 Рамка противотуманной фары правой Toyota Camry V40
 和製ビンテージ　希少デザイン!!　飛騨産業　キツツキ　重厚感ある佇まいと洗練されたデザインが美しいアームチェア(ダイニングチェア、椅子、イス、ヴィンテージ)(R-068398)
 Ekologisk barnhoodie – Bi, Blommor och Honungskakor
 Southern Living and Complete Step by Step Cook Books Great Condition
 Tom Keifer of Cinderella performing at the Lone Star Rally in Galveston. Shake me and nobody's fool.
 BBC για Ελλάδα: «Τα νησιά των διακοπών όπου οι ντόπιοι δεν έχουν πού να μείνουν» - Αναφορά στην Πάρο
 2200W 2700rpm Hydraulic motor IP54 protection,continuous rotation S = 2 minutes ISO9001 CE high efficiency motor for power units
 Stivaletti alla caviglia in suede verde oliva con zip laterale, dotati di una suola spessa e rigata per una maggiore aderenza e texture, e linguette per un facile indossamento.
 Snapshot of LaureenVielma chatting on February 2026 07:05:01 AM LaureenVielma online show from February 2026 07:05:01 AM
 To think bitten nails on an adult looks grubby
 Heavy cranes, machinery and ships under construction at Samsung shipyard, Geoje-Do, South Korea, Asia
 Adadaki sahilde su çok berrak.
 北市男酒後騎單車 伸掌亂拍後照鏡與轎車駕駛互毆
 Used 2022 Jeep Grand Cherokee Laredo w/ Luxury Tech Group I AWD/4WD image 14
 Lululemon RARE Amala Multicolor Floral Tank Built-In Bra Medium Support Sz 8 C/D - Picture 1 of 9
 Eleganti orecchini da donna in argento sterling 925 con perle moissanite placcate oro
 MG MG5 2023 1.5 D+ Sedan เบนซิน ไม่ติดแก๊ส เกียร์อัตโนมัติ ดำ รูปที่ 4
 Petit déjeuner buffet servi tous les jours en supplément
=====
[What you are asked to do] Repeat the material in full, exactly as it stands.

[Expected output]
 Рамка противотуманной фары правой Toyota Camry V40
 和製ビンテージ　希少デザイン!!　飛騨産業　キツツキ　重厚感ある佇まいと洗練されたデザインが美しいアームチェア(ダイニングチェア、椅子、イス、ヴィンテージ)(R-068398)
 Ekologisk barnhoodie – Bi, Blommor och Honungskakor
 Southern Living and Complete Step by Step Cook Books Great Condition
 Tom Keifer of Cinderella performing at the Lone Star Rally in Galveston. Shake me and nobody's fool.
 BBC για Ελλάδα: «Τα νησιά των διακοπών όπου οι ντόπιοι δεν έχουν πού να μείνουν» - Αναφορά στην Πάρο
 2200W 2700rpm Hydraulic motor IP54 protection,continuous rotation S = 2 minutes ISO9001 CE high efficiency motor for power units
 Stivaletti alla caviglia in suede verde oliva con zip laterale, dotati di una suola spessa e rigata per una maggiore aderenza e texture, e linguette per un facile indossamento.
 Snapshot of LaureenVielma chatting on February 2026 07:05:01 AM LaureenVielma online show from February 2026 07:05:01 AM
 To think bitten nails on an adult looks grubby
 Heavy cranes, machinery and ships under construction at Samsung shipyard, Geoje-Do, South Korea, Asia
 Adadaki sahilde su çok berrak.
 北市男酒後騎單車 伸掌亂拍後照鏡與轎車駕駛互毆
 Used 2022 Jeep Grand Cherokee Laredo w/ Luxury Tech Group I AWD/4WD image 14
 Lululemon RARE Amala Multicolor Floral Tank Built-In Bra Medium Support Sz 8 C/D - Picture 1 of 9
 Eleganti orecchini da donna in argento sterling 925 con perle moissanite placcate oro
 MG MG5 2023 1.5 D+ Sedan เบนซิน ไม่ติดแก๊ส เกียร์อัตโนมัติ ดำ รูปที่ 4
 Petit déjeuner buffet servi tous les jours en supplément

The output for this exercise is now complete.